As type A of HE is an acute syndrome, we used high doses of citicoline in the current study. Citicoline is a safe pharmaceutical that is used at high doses in humans (eg, in stroke) or experimental models.65,66 Therefore, high doses of this drug could be administered in acute situations such as HE and hyperammonemia to prevent brain injury. On the other hand, administration of this drug (eg, at lower doses) in chronic conditions such as sub-chronic HE (Type C) could be the subject of future investigations.

The result of this study revealed that citicoline supplementation (500 mg/kg, i.p) improved animal’s locomotor activity, and alleviated biomarkers of oxidative stress in the brain tissue. This study recommends citicoline as a possible protective mediator with therapeutic and antioxidant capability against acute liver failure and HE. Therefore, this drug might be a candidate for attenuating HE adverse effects in clinical settings.
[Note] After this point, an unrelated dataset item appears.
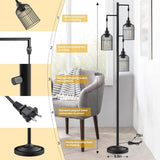 Farmhouse Industrial Metal Floor Lamp With 3 Cage Shades - Omega Lifestyles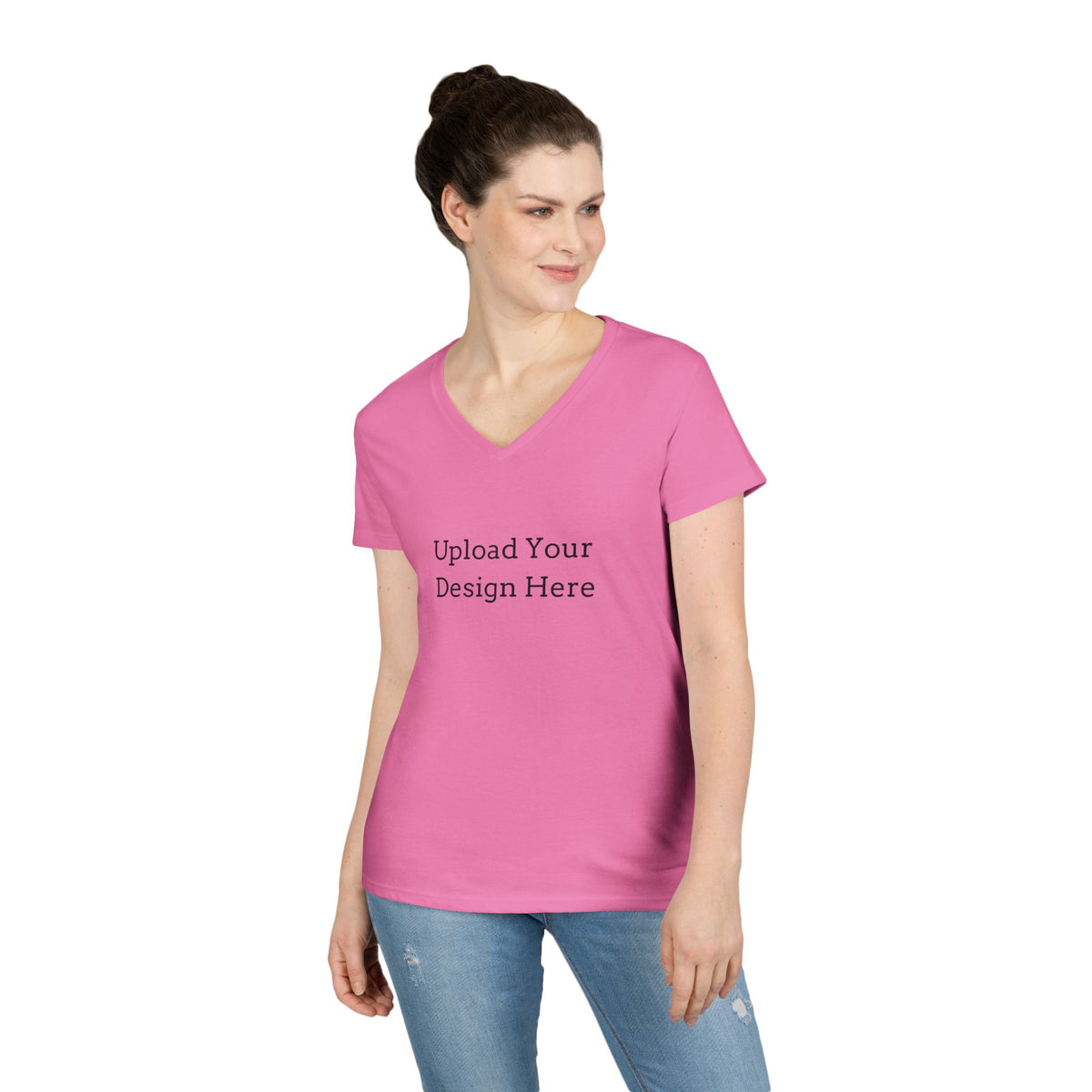 T-shirt donna personalizzabile con scollo a V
However, in the present study, the time of citicoline administration was short. We propose a longer period of citicoline administration in other models of HE. On the other hand, finding the precise mechanisms of citicoline neuroprotective effects warranted further investigations.

Abbreviations

HE, hepatic encephalopathy; APAP, acetyl-para-aminophenol; acetaminophen; GSH, glutathione; ROS, reactive oxygen species.

Acknowledgments

The authors gratefully acknowledge the Pharmaceutical Sciences Research Center and the Vice-Chancellor of Research Affairs of Shiraz University of Medical Sciences for providing technical and financial (Grant 98-01-36-19776) support of the current investigation.

Disclosure

The authors declare no conflicts of interest in this work.